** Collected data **
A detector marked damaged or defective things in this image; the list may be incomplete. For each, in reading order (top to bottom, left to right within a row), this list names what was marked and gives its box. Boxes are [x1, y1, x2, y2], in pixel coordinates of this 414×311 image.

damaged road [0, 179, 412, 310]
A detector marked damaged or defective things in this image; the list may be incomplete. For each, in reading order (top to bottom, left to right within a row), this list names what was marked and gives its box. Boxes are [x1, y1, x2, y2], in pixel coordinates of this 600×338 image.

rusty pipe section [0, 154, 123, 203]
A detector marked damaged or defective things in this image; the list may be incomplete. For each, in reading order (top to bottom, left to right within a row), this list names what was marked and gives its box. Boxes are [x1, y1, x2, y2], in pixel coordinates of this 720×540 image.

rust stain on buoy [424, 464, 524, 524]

...

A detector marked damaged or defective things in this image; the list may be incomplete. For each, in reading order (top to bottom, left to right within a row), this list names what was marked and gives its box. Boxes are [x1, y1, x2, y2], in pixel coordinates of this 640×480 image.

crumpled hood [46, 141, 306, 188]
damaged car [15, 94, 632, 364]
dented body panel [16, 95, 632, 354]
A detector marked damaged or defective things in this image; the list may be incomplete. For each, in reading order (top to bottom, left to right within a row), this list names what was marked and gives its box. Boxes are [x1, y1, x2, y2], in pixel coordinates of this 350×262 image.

** TASK GOAL **
Looking at the entries above, can you reproduce exactly the lines from the one that holds "this 640×480 image." through the one that holds "this 350×262 image.", and only those?

** SOLUTION **
A detector marked damaged or defective things in this image; the list may be incomplete. For each, in reading order (top to bottom, left to right within a row), this list names what was marked and gives its box. Boxes are [x1, y1, x2, y2], in pixel coordinates of this 640×480 image.

crumpled hood [46, 141, 306, 188]
damaged car [15, 94, 632, 364]
dented body panel [16, 95, 632, 354]
A detector marked damaged or defective things in this image; the list may be incomplete. For each, in reading order (top to bottom, left to right within a row), this list names what was marked and gives its box. Boxes are [x1, y1, x2, y2], in pixel coordinates of this 350×262 image.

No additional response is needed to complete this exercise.